YOUR INSTRUCTIONS:
Your copy should start at the line with "Yamaha mt07 - 2" and end at the line with "HARMANA Hindiba Kahvesi" in the data below. Transcribe only those lines, exactly, pictures excluded.

SUPPLIED ENTRIES:
******
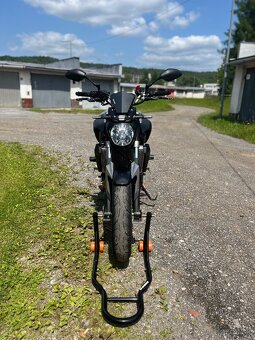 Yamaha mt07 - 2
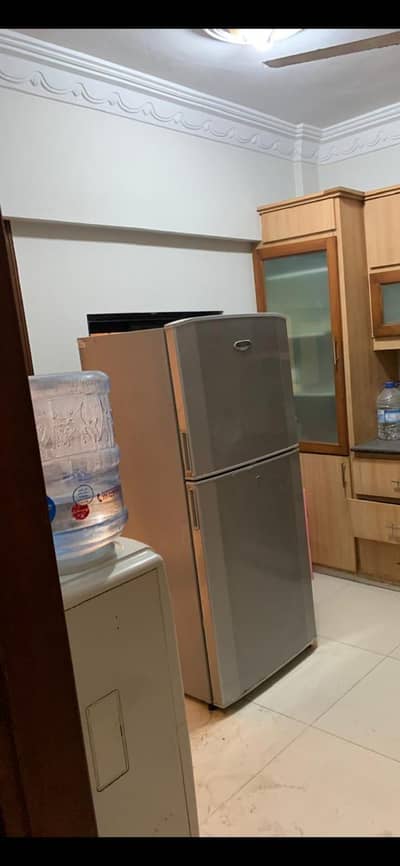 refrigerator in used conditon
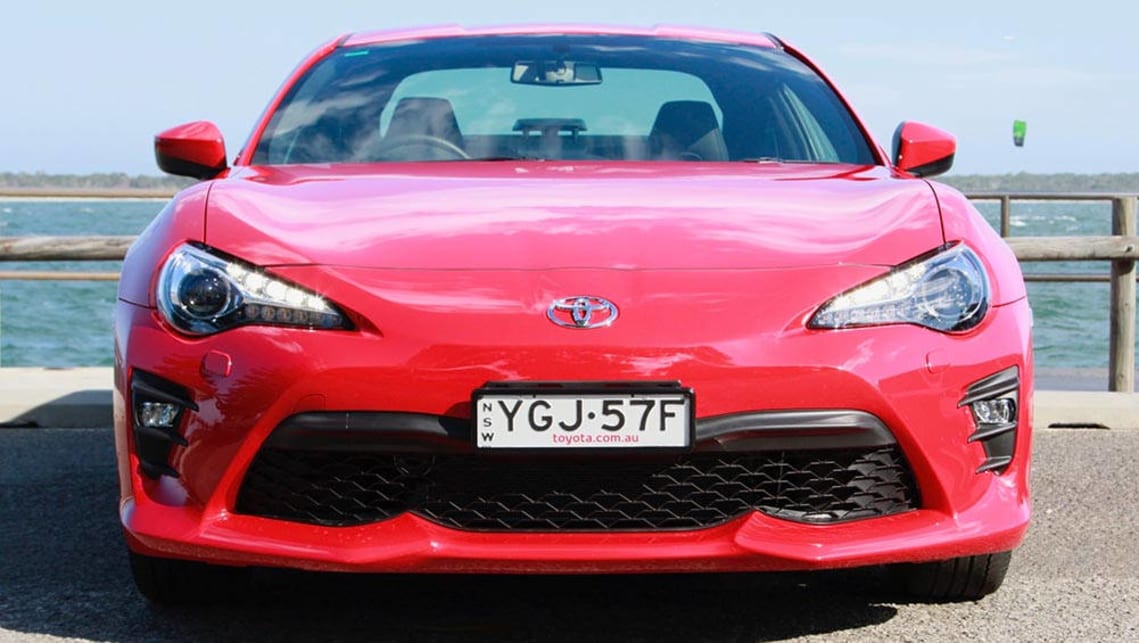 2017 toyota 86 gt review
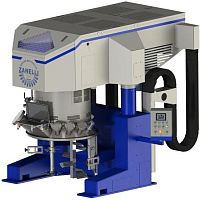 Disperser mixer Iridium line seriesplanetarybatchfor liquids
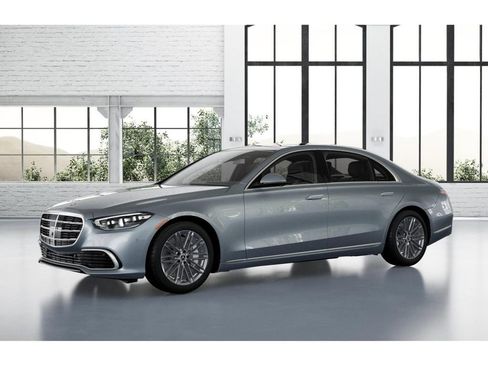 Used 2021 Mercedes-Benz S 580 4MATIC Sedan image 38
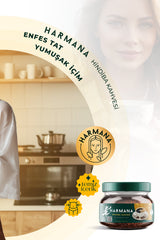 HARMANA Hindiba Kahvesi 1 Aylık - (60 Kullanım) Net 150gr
******
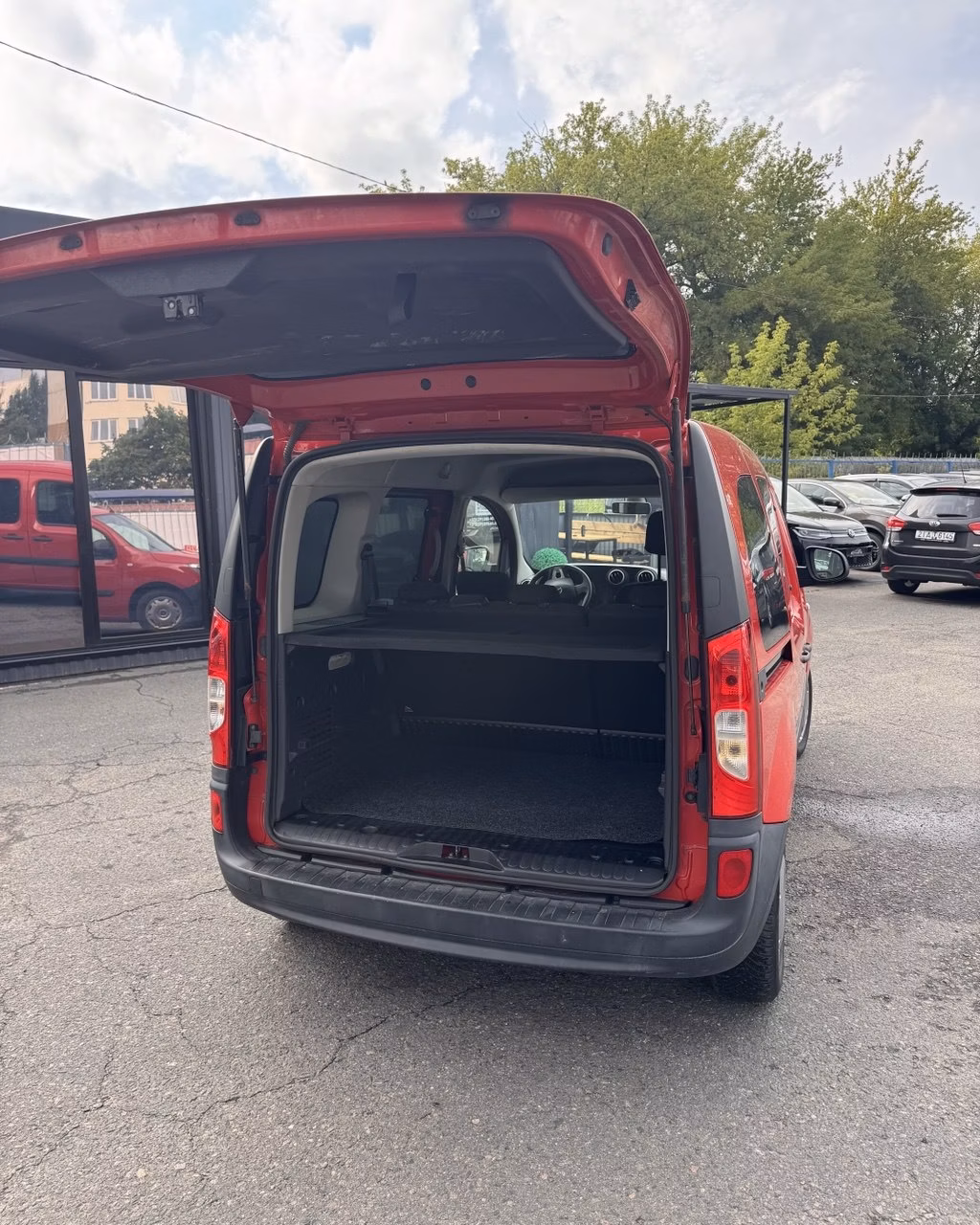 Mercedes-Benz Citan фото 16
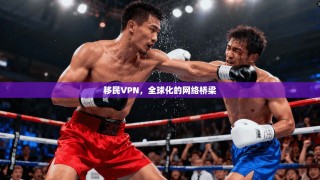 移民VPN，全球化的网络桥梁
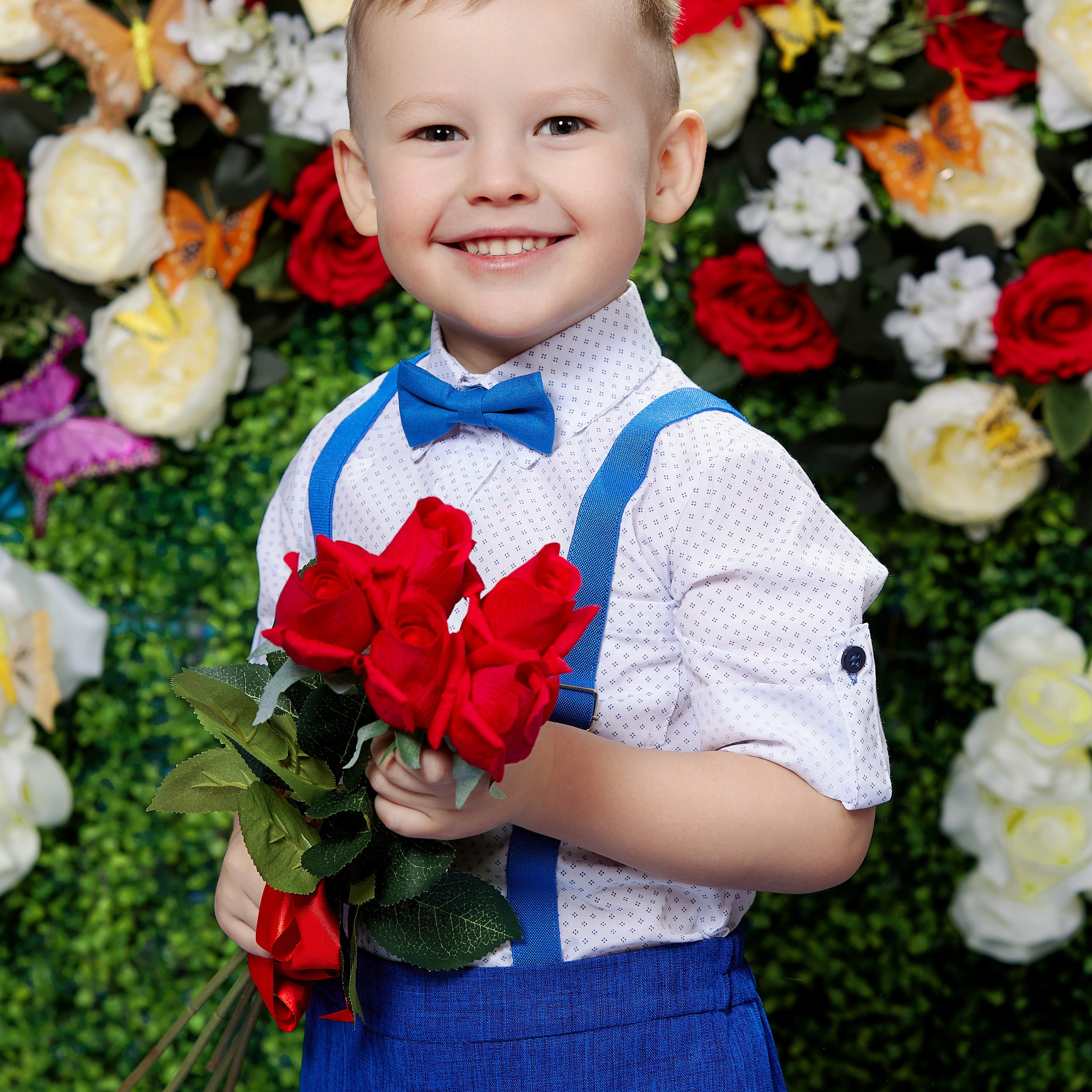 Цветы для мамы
******
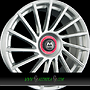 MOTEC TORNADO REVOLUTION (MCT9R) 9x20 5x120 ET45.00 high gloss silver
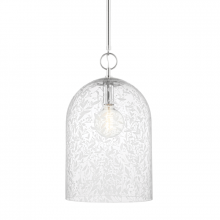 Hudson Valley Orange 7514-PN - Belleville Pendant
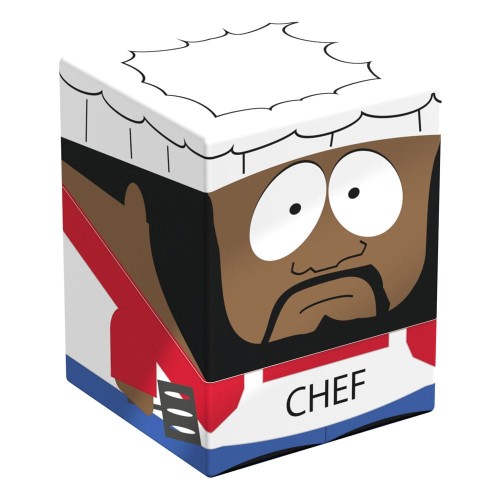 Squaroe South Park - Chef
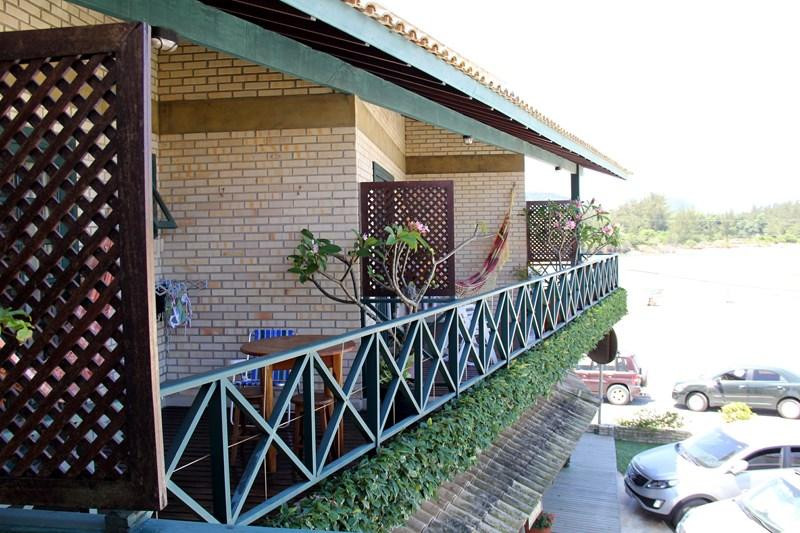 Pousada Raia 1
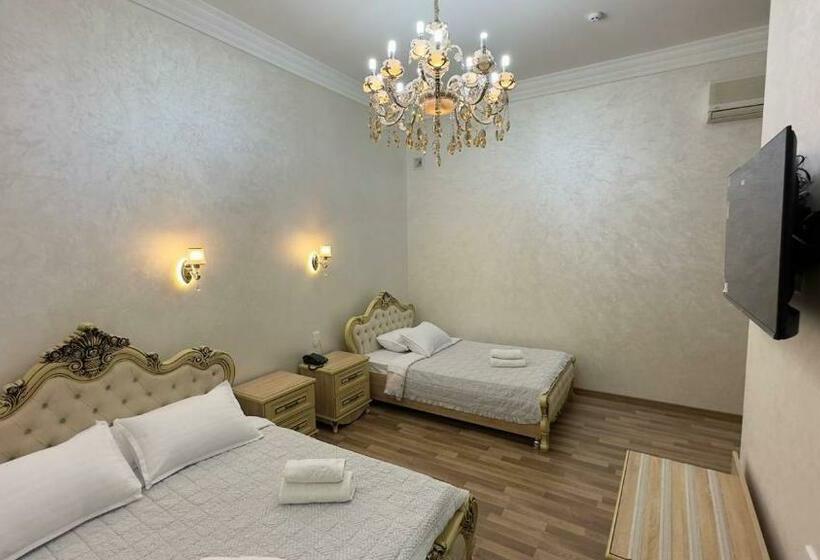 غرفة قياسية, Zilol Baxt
******
EXERCISE RESULT:
 Yamaha mt07 - 2
 refrigerator in used conditon
 2017 toyota 86 gt review
 Disperser mixer Iridium line seriesplanetarybatchfor liquids
 Used 2021 Mercedes-Benz S 580 4MATIC Sedan image 38
 HARMANA Hindiba Kahvesi 1 Aylık - (60 Kullanım) Net 150gr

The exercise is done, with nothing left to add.